- RECORDS FOR THIS EXERCISE
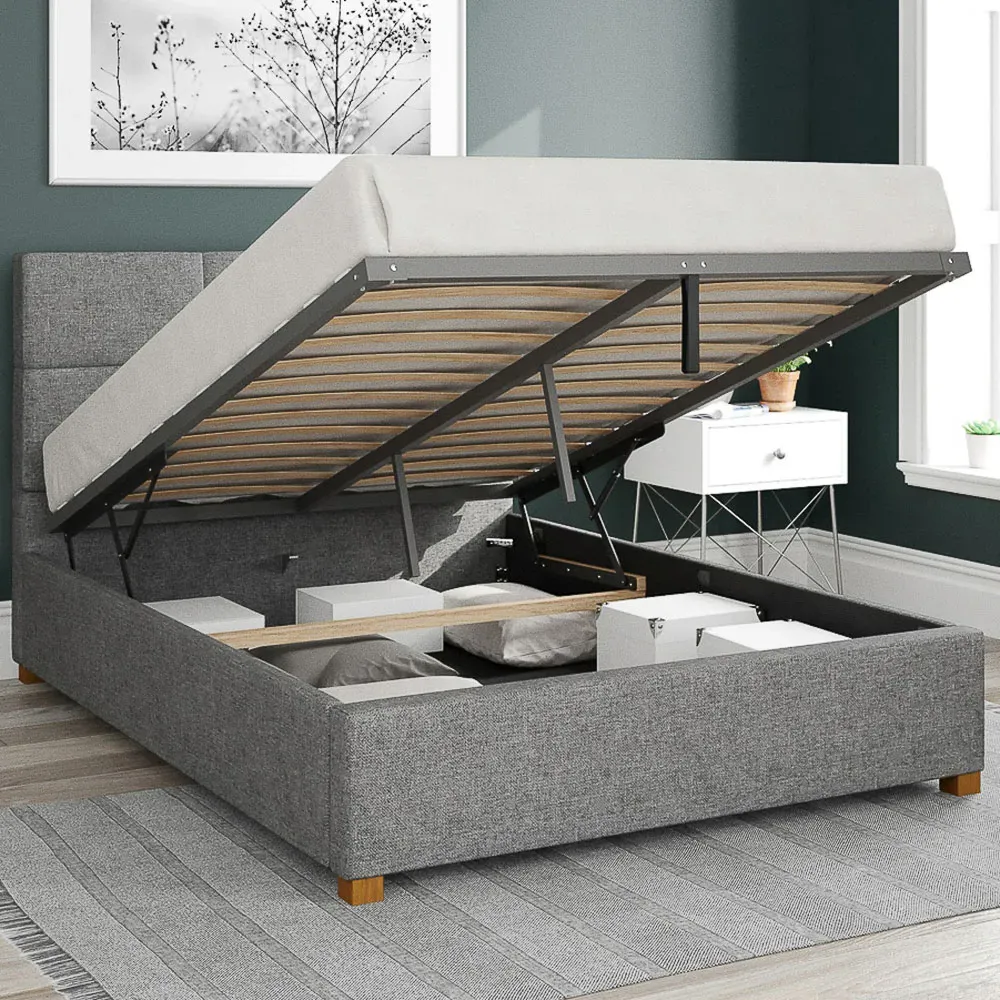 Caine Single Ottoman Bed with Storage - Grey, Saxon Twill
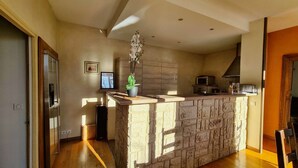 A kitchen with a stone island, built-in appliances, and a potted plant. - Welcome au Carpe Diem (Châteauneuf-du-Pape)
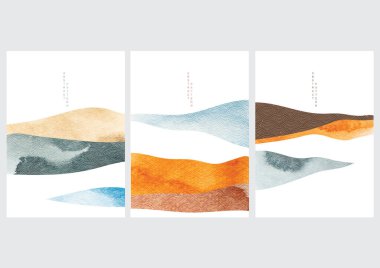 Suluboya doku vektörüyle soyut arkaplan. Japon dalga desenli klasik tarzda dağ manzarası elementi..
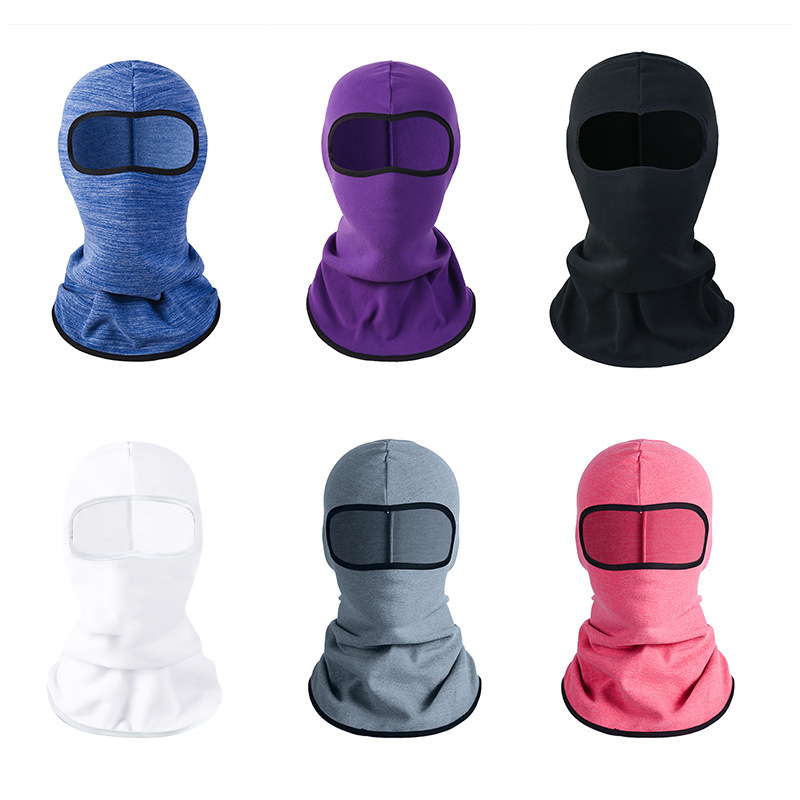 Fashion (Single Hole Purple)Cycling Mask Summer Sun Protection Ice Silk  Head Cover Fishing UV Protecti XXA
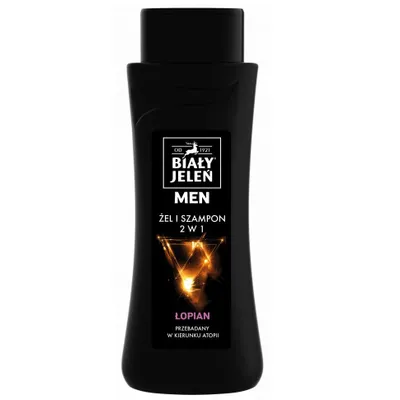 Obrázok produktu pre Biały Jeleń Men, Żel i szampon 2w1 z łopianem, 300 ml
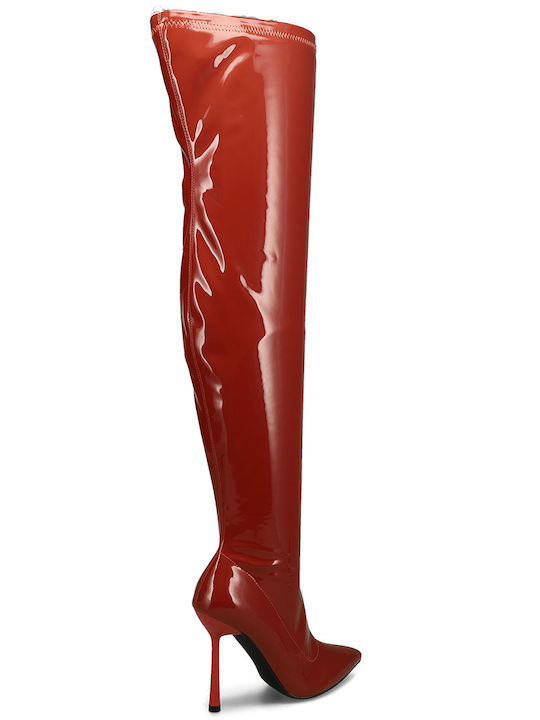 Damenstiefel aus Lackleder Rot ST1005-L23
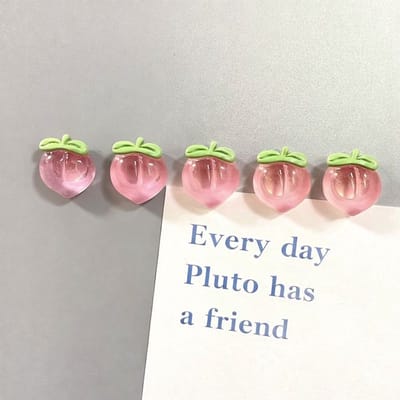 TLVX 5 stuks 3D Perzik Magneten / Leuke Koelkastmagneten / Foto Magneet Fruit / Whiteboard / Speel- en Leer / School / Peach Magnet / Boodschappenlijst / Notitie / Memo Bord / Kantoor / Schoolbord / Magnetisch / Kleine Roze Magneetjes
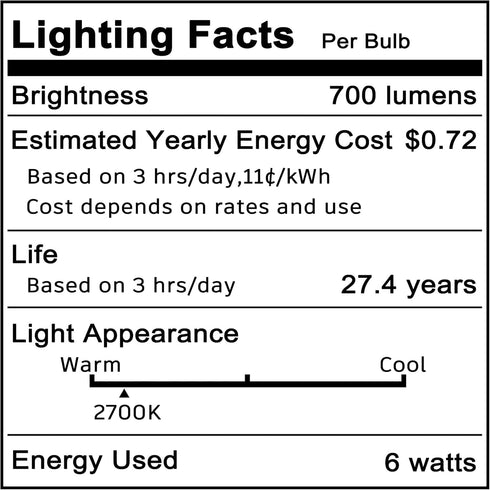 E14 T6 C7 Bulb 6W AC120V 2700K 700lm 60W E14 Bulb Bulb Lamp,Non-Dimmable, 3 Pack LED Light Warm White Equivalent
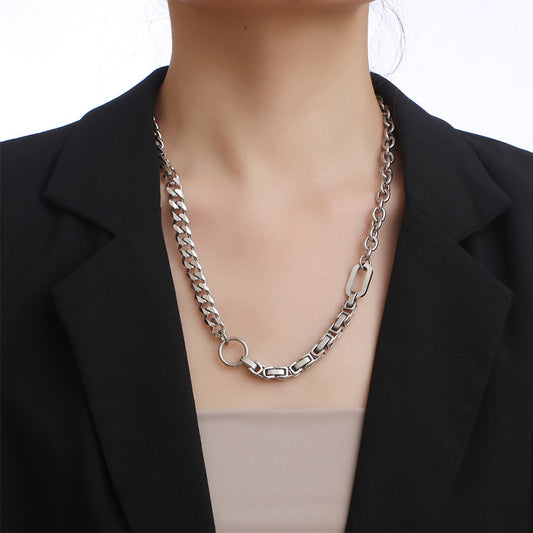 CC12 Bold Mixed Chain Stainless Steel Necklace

* * *

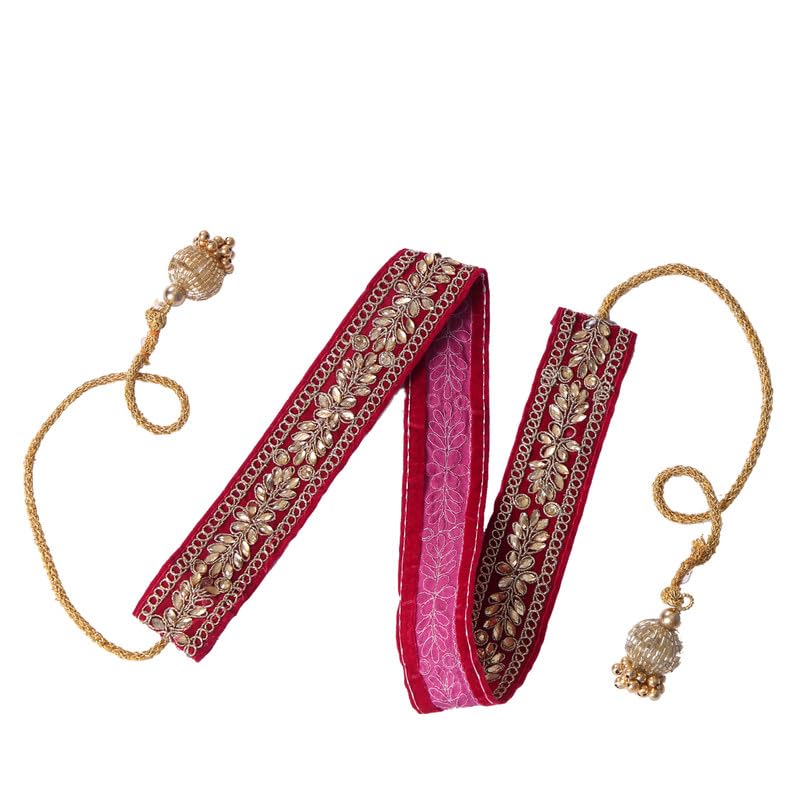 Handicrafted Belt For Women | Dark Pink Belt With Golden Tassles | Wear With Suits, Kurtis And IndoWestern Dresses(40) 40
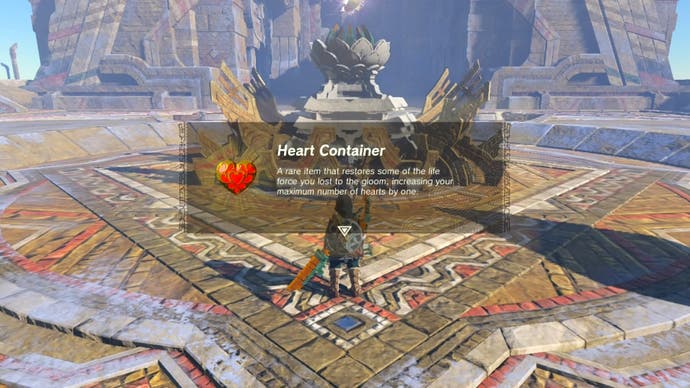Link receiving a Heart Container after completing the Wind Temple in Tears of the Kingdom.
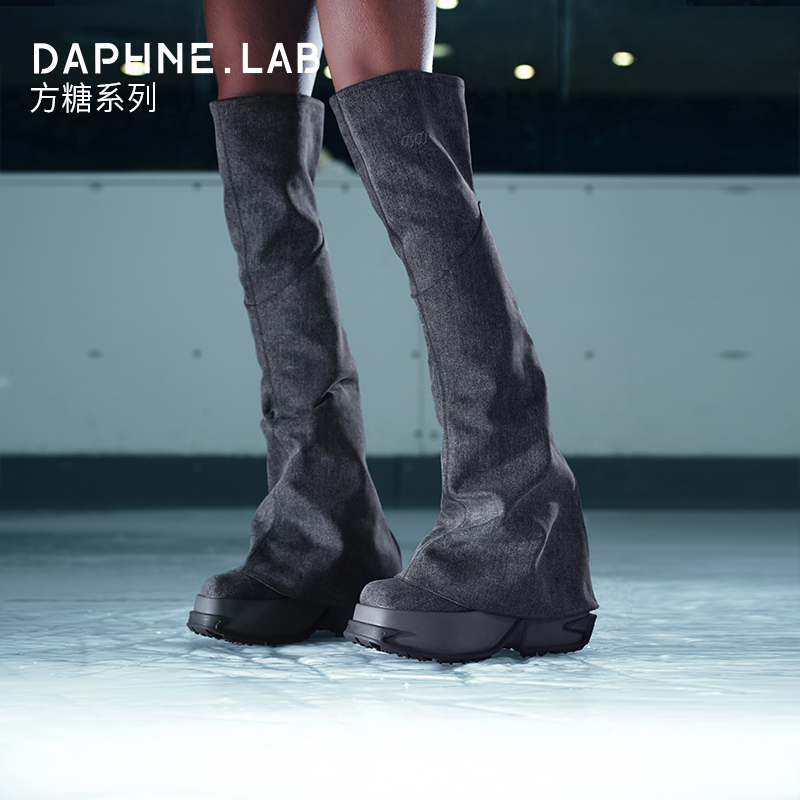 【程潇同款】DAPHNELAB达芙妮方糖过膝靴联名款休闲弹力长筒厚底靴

---

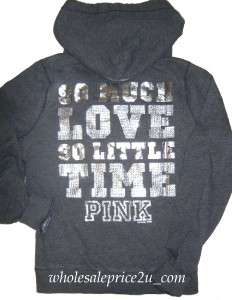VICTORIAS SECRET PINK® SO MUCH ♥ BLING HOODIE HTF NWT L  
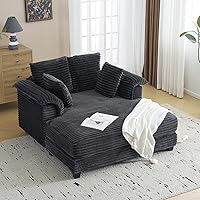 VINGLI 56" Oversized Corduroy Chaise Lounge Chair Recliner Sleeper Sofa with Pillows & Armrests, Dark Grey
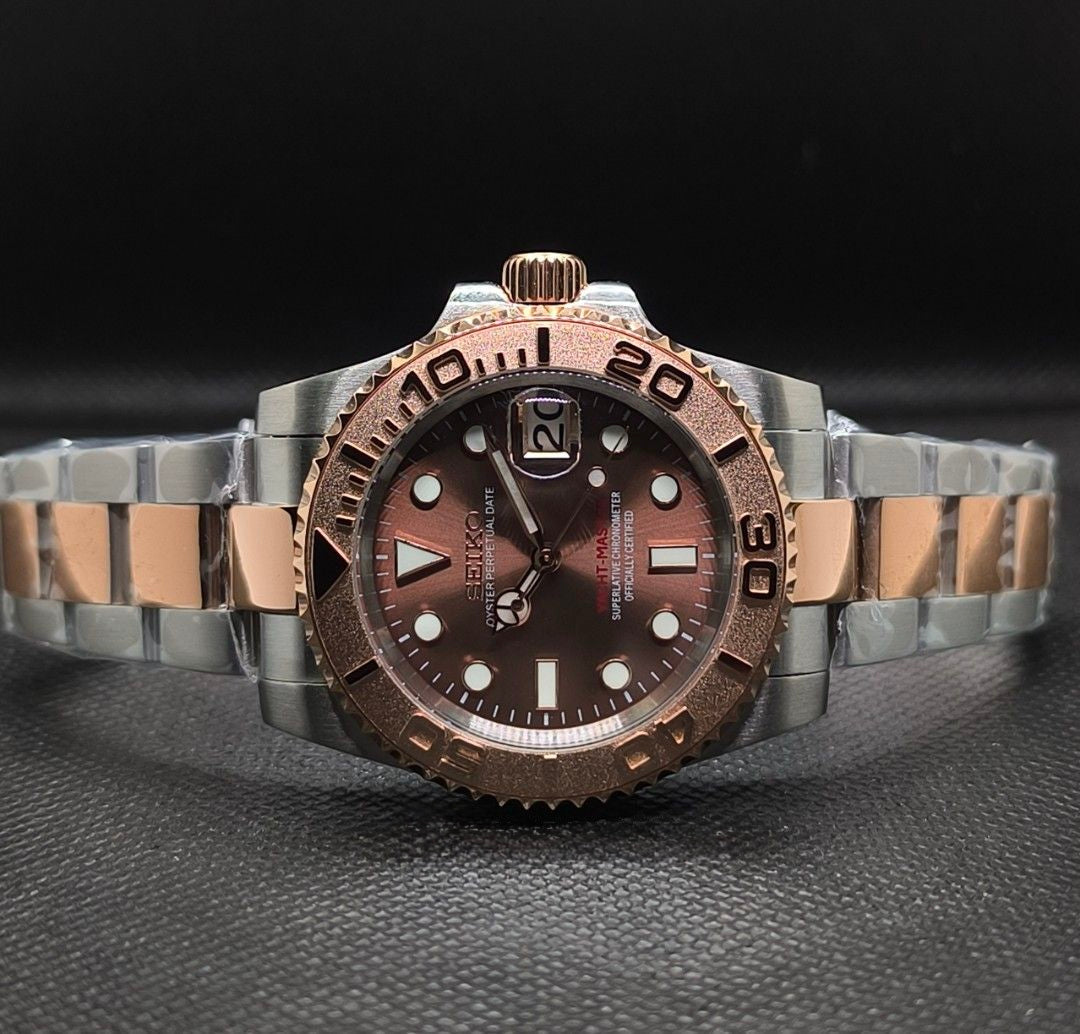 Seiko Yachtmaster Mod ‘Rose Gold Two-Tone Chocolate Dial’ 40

- TASK PROMPT
Would you copy, word for word, only the lines above from the one containing "Damenstiefel aus Lackleder Rot ST1005-L23" through the one containing "CC12 Bold Mixed", both included, and please leave out the pictures?

- RESULT OF THIS EXERCISE
 Damenstiefel aus Lackleder Rot ST1005-L23
 TLVX 5 stuks 3D Perzik Magneten / Leuke Koelkastmagneten / Foto Magneet Fruit / Whiteboard / Speel- en Leer / School / Peach Magnet / Boodschappenlijst / Notitie / Memo Bord / Kantoor / Schoolbord / Magnetisch / Kleine Roze Magneetjes
 E14 T6 C7 Bulb 6W AC120V 2700K 700lm 60W E14 Bulb Bulb Lamp,Non-Dimmable, 3 Pack LED Light Warm White Equivalent
 CC12 Bold Mixed Chain Stainless Steel Necklace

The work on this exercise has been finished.